Necesario para algunos, el debate puede resultar inocuo, en tanto, la fuerza y el alcance de las redes, plataformas y tecnologías superan el control real de un sistema basado todavía en el modelo de Estado Nación que parece corto frente a la cobertura y el afán del mundo virtual. Pero más allá de las connotaciones del alcance, lo que debe ocupar el análisis es control en sí mismo. Cualquier limitación a la libertad de expresión que no esté signada por la ética propia o tipificada en el Código Penal, es inaceptable.

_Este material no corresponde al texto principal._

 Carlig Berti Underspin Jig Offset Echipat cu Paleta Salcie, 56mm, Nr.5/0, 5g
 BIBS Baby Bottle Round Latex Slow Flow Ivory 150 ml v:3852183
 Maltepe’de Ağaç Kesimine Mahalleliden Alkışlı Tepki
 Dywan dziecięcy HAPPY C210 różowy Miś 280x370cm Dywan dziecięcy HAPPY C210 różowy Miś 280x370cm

La gravedad de una calumnia o una injuria, como las que pululan diariamente en redes como Facebook o Twitter, no requiere nuevas normas ni sanciones adicionales, ni admite dilaciones o interpretaciones constitucionales. Un delito es un delito, no importa el camino, ni el canal, ni la oportunidad que se utilice para su comisión. Quien calumnia, delinque. Y lo hace a través de las redes, de un medio de comunicación masiva; casi nunca cara a cara, por falta de carácter. Luego, ya existen una tipificación penal y un camino legal para castigar la conducta, lo que busca la Corte, desde hace rato, es una manera de prevenir que el daño se produzca, una disuasión que no parece estar a su alcance.

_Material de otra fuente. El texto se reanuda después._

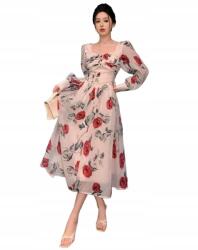 Shein S Ruha Szögletes Nyakkivágással És Virágmintával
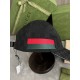 Special GUCCI original customized 11 open mold custom cowboy hat both the brand's traditional luxury connotation and modern streetwear aesthetics to show the design personality of the spring and summer series The cap is 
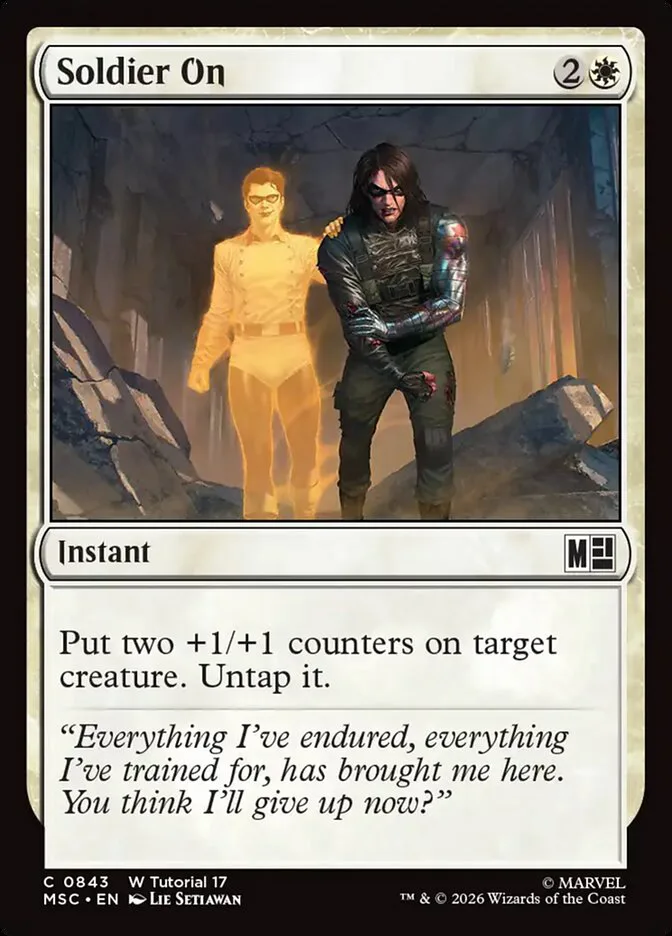 Soldier On â€” Marvel Super Heroes Commander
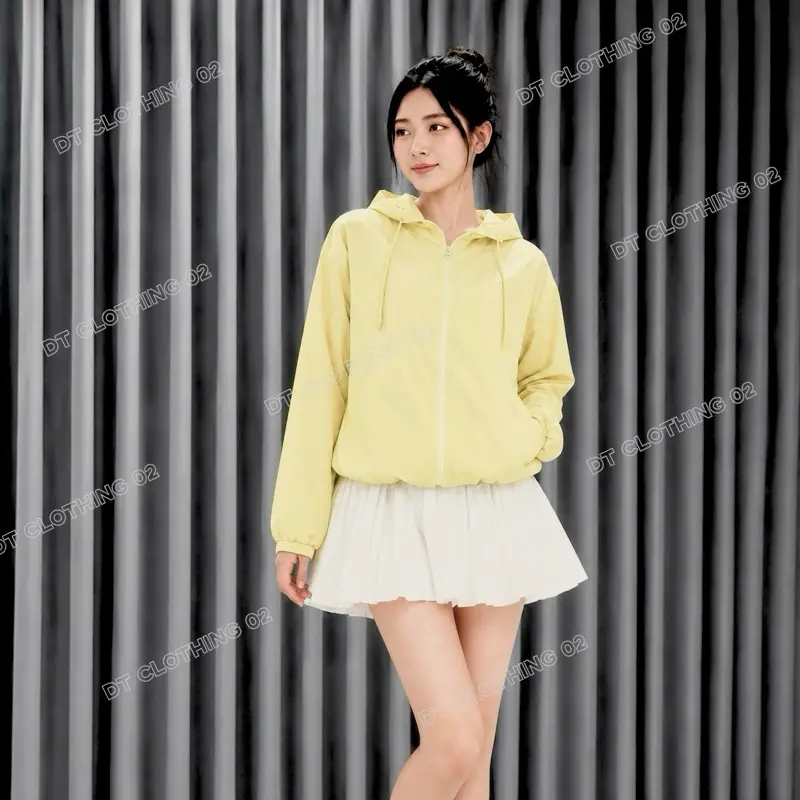 [DEAL LIVE ĐỘC QUYÊN ] Áo Khoác Dù 2 Lớp, Chất Mềm, Siêu Nhẹ, Chống Nước, Cản Gió, Dây Rút Điều Chỉnh,  Túi Ngoài Có Khóa, Có Túi Trong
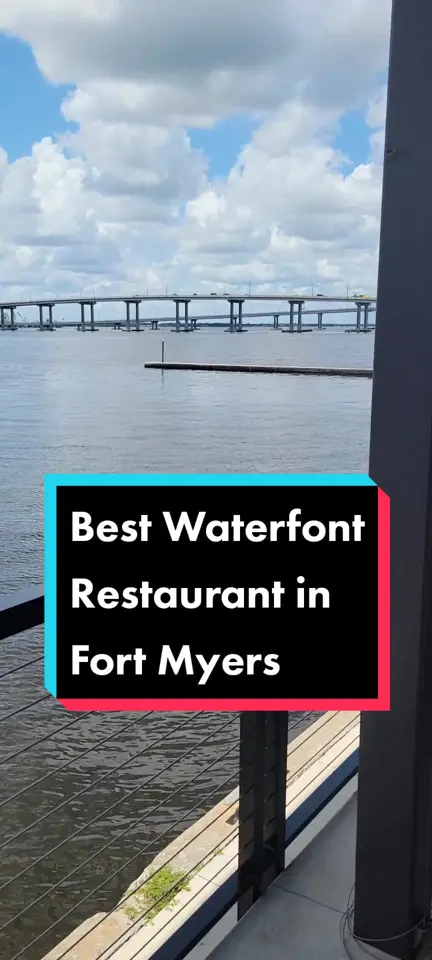 Oxbow Bar & Grill in Fort Myers showing review, visit, waterfront views, casual environment, video by orlandofamilyfun on TikTok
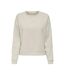 Sweat beige femme only calli-1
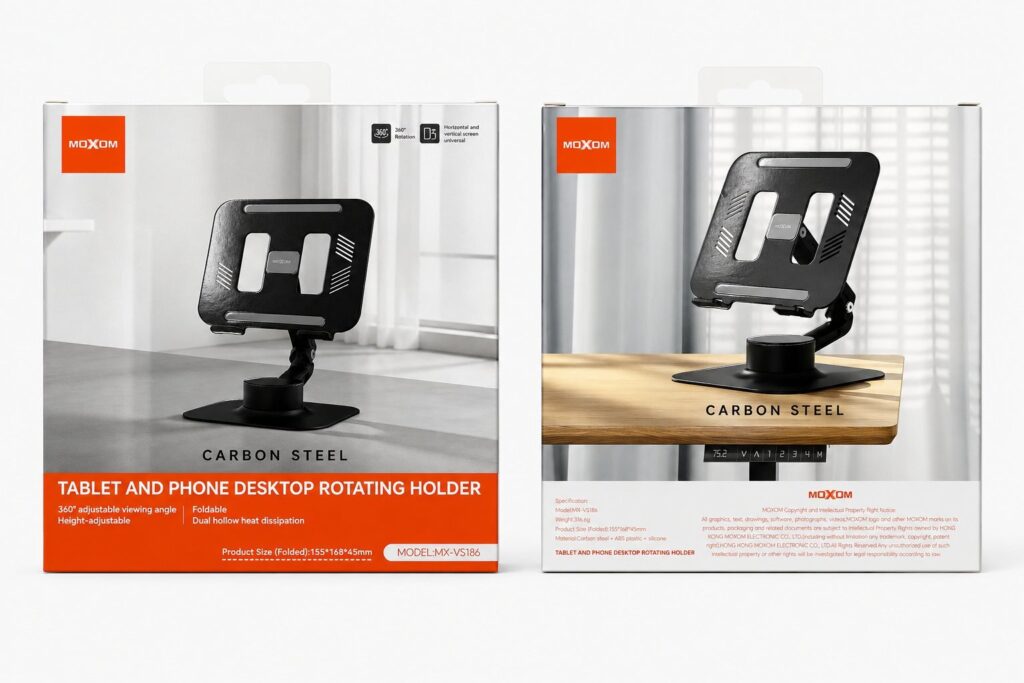 MOXOM TABLET AND PHONE DESKTOP HOLDER MX-VS186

Cuando un columnista se siente capaz de injuriar a una periodista que no le gusta, sabe de sobra que el ataque al buen nombre, a su dignidad, tendrá un eco y hará un daño que no se resarce con una rectificación, máxime cuando ésta no se hace como un acto de contrición sino de reafirmación del insulto. Pero una persona como el señor Tamayo, se siente con licencia para insultar desde mucho antes del auge las redes sociales, porque su actitud no tiene que ver con el límite legal, ni con el anonimato a que acuden muchos a través de perfiles falsos, sino con su condición ética y su valoración de los demás, aupada por un medio de comunicación que le ha servido de tribuna para injuriar a quien se le antoje.
Distinto es el caso de Ignacio Greiffenstein, quien por lo menos tuvo la entereza de renunciar a su cargo en Presidencia, como consecuencia de un insulto que propinó a través de sus cuentas de redes sociales. Una situación que se puede evitar con autorregulación y decisiones simples, aprendidas en casa, como no insultar, no hacer chistes con palabras soeces o a partir de las diferencias o la marginalización.

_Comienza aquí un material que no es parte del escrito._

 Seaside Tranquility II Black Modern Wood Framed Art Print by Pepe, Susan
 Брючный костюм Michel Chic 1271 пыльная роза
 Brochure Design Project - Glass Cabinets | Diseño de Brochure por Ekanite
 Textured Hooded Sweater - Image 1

La Corte Constitucional ya escuchó al profesor Francisco Torlero Cervantes, pensador del Instituto de Investigaciones Jurídicas dela Unam, quien les recordó a los magistrados que si bien hay sistemas como el norteamericano con muy pocos límites para la libertad de expresión, hay otros como el francés donde caben restricciones previas y posteriores, en casos como el lenguaje del odio, la pornografía, la apología del delito o de la guerra…aunque no parezca, Colombia acoge un sistema tipo europeo, a través, por ejemplo, de la Corte Interamericana de Derechos Humanos.
Pero, insisto, la mejor manera de resolver las tensiones permanentes entre la libertad de expresión o de opinión con los derechos a la honra, la intimidad, el buen nombre o la dignidad, pasa antes que nada por la decisión personal y la apropiación de una ética que impone el respeto por el otro. La determinación de juzgar a las ideas y no a las personas y de controvertir con argumentos y no con insultos, de compartir datos veraces y no calumnias ni suposiciones, de confrontar puntos de vista y no sentenciar las diferencias. No, no son las leyes, las normas, las limitaciones, es la gente, la ética, la que marca la diferencia.
Eso es lo que me da la certeza de que Ana Cristina Restrepo siempre tendrá una tribuna de expresión para seguir ejerciendo el oficio con la pasión y el rigor que tanto asusta a los misóginos que parecen darse silvestres por estas tierras; pero también mi admiración y mi respeto.